Among the entries, find each line that includes the string "online" and list it.

Data excerpts
▼▼▼

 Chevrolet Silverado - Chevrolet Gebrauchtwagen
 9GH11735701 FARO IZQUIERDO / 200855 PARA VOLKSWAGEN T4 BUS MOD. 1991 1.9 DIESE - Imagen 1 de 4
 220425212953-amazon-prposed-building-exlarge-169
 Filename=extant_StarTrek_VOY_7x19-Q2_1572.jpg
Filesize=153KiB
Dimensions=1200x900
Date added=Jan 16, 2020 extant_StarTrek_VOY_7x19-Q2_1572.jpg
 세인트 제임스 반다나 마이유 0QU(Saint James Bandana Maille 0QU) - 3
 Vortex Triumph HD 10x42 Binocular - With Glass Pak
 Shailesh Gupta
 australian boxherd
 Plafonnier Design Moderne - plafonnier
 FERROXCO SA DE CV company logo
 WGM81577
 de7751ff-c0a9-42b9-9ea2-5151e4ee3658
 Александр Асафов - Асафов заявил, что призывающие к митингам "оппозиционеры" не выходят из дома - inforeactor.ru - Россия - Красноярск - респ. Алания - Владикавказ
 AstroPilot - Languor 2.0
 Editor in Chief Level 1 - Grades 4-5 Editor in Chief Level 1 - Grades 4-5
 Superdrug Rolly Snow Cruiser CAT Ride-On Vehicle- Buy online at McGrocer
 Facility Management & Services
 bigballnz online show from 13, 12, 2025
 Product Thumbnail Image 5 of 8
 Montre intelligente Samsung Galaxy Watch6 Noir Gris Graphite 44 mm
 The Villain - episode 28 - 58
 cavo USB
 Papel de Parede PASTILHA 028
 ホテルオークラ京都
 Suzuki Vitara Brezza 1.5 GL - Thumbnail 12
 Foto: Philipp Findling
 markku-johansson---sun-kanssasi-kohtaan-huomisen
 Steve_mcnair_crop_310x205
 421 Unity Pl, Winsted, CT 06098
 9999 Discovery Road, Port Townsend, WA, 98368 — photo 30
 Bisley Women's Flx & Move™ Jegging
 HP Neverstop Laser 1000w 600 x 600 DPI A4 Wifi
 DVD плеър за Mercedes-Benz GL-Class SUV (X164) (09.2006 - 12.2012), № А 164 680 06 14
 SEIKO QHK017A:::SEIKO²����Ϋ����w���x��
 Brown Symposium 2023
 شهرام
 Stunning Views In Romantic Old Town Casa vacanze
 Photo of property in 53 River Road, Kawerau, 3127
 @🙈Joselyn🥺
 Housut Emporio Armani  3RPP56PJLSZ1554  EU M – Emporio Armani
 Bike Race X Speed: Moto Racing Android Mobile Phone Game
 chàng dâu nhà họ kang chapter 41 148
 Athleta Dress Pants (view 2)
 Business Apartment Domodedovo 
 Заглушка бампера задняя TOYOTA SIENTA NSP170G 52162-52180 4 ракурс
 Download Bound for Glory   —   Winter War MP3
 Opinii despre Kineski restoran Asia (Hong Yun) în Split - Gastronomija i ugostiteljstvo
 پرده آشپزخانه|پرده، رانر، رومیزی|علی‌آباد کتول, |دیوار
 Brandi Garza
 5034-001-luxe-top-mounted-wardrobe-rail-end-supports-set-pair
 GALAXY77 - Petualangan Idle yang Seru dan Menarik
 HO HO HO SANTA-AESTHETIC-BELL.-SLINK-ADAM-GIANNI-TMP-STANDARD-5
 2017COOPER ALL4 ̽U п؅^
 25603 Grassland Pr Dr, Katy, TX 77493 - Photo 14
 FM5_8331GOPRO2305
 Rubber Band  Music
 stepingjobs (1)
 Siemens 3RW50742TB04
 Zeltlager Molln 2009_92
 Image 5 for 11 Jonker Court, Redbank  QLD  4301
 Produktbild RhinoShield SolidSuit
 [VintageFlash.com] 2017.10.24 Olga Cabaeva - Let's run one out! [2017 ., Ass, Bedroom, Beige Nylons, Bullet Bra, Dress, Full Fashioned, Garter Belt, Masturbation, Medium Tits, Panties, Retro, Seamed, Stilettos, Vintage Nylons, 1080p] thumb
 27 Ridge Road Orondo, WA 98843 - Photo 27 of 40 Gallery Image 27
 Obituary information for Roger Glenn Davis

▲▲▲

• _Task solution_
 Superdrug Rolly Snow Cruiser CAT Ride-On Vehicle- Buy online at McGrocer
 bigballnz online show from 13, 12, 2025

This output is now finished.